**Work to complete:** First find the line with "Ensemble comprenant quatre" in the entries below, then set down exactly every line through the line with "a view of a hallway", that line included.

**Dataset excerpts:**
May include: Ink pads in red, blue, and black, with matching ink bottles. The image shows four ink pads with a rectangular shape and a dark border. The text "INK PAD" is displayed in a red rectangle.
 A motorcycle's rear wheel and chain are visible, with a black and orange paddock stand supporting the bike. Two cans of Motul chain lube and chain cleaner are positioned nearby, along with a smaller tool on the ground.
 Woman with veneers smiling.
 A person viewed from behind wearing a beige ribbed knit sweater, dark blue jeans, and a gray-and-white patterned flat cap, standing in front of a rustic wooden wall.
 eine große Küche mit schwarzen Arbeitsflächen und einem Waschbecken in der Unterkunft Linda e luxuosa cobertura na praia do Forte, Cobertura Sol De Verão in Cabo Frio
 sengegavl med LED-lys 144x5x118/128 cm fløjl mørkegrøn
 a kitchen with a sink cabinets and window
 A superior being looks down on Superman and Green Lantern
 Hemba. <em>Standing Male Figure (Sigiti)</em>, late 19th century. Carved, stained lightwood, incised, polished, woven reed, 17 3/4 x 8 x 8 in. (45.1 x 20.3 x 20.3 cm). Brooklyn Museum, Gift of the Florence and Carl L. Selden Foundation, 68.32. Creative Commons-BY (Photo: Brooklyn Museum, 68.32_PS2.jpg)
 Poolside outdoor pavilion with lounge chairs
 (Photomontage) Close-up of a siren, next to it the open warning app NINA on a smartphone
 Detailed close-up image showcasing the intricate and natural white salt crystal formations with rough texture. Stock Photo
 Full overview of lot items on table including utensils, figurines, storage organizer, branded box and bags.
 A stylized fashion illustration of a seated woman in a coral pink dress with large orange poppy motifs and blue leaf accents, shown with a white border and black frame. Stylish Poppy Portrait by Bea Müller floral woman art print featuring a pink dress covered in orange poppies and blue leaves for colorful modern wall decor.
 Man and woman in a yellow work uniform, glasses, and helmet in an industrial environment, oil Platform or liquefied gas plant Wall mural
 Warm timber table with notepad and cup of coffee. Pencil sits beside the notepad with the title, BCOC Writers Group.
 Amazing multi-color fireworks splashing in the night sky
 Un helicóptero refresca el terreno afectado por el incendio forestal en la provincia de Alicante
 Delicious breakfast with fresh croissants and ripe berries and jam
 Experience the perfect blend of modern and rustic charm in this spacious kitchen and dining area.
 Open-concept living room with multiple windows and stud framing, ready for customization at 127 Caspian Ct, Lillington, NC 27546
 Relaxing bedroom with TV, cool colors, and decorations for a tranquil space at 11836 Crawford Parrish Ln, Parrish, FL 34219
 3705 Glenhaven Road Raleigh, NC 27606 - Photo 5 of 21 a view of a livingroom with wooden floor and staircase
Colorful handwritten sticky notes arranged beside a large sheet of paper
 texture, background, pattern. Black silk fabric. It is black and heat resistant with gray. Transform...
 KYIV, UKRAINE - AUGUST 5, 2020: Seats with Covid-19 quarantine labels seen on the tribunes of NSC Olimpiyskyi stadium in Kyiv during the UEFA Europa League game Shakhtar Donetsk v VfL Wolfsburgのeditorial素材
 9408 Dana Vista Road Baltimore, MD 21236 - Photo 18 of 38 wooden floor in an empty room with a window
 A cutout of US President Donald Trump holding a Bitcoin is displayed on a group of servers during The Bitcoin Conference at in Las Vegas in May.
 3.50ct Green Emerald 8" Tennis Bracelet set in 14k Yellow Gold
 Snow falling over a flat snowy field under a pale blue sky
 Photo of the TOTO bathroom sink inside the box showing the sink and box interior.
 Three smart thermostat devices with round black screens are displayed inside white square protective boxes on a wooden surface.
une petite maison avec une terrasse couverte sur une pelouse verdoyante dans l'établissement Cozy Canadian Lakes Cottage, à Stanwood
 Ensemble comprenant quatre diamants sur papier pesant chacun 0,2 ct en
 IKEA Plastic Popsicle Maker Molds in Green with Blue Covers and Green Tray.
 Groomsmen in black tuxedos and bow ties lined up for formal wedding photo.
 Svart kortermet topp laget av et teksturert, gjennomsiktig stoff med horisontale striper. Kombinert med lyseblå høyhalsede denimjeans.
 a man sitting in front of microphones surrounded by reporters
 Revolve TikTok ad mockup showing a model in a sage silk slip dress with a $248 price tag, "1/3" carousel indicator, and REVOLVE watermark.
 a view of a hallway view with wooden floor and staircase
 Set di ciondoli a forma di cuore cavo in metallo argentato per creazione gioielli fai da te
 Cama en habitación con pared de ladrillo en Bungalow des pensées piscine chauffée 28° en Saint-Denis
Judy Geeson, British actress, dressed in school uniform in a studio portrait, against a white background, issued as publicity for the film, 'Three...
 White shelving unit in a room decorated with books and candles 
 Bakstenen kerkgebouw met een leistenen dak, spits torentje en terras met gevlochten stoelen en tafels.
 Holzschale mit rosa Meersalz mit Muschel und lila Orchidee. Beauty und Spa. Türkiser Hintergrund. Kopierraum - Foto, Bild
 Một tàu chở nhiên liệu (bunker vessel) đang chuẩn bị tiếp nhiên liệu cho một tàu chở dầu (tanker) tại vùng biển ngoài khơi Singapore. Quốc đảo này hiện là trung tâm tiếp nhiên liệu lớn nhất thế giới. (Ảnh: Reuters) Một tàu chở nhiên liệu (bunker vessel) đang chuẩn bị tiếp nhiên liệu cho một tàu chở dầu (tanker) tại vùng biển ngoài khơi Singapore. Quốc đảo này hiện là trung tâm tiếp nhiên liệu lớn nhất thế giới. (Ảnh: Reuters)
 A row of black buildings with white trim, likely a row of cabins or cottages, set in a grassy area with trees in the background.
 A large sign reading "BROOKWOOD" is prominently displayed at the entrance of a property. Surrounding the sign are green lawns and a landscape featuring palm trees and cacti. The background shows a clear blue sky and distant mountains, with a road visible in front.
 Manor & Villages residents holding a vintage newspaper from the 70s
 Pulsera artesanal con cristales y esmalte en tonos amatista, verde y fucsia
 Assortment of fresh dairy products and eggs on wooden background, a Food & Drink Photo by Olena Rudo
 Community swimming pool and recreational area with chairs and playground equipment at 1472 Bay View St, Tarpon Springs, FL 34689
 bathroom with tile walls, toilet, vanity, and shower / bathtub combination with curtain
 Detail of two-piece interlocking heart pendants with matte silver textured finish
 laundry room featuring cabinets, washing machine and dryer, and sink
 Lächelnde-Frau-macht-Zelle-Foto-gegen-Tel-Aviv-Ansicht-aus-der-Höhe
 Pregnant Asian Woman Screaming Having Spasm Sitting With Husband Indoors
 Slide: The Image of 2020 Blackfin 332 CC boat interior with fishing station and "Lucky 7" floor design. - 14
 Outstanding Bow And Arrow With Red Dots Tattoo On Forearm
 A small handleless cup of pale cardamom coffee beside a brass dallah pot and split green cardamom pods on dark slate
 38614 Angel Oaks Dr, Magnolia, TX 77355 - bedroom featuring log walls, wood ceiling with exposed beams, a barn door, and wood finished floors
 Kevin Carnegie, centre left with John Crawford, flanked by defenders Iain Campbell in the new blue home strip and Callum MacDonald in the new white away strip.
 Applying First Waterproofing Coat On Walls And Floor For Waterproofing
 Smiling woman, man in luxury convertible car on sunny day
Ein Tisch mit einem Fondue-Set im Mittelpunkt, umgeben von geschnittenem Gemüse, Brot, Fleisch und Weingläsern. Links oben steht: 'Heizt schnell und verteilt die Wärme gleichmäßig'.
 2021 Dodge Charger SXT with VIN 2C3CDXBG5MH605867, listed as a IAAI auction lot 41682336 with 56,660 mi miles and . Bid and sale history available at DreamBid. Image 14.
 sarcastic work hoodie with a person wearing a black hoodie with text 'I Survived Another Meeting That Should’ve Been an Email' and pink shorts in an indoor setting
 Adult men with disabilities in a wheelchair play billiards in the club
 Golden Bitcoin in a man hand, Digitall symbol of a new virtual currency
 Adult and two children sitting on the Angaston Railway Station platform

**Answer:**
 Ensemble comprenant quatre diamants sur papier pesant chacun 0,2 ct en
 IKEA Plastic Popsicle Maker Molds in Green with Blue Covers and Green Tray.
 Groomsmen in black tuxedos and bow ties lined up for formal wedding photo.
 Svart kortermet topp laget av et teksturert, gjennomsiktig stoff med horisontale striper. Kombinert med lyseblå høyhalsede denimjeans.
 a man sitting in front of microphones surrounded by reporters
 Revolve TikTok ad mockup showing a model in a sage silk slip dress with a $248 price tag, "1/3" carousel indicator, and REVOLVE watermark.
 a view of a hallway view with wooden floor and staircase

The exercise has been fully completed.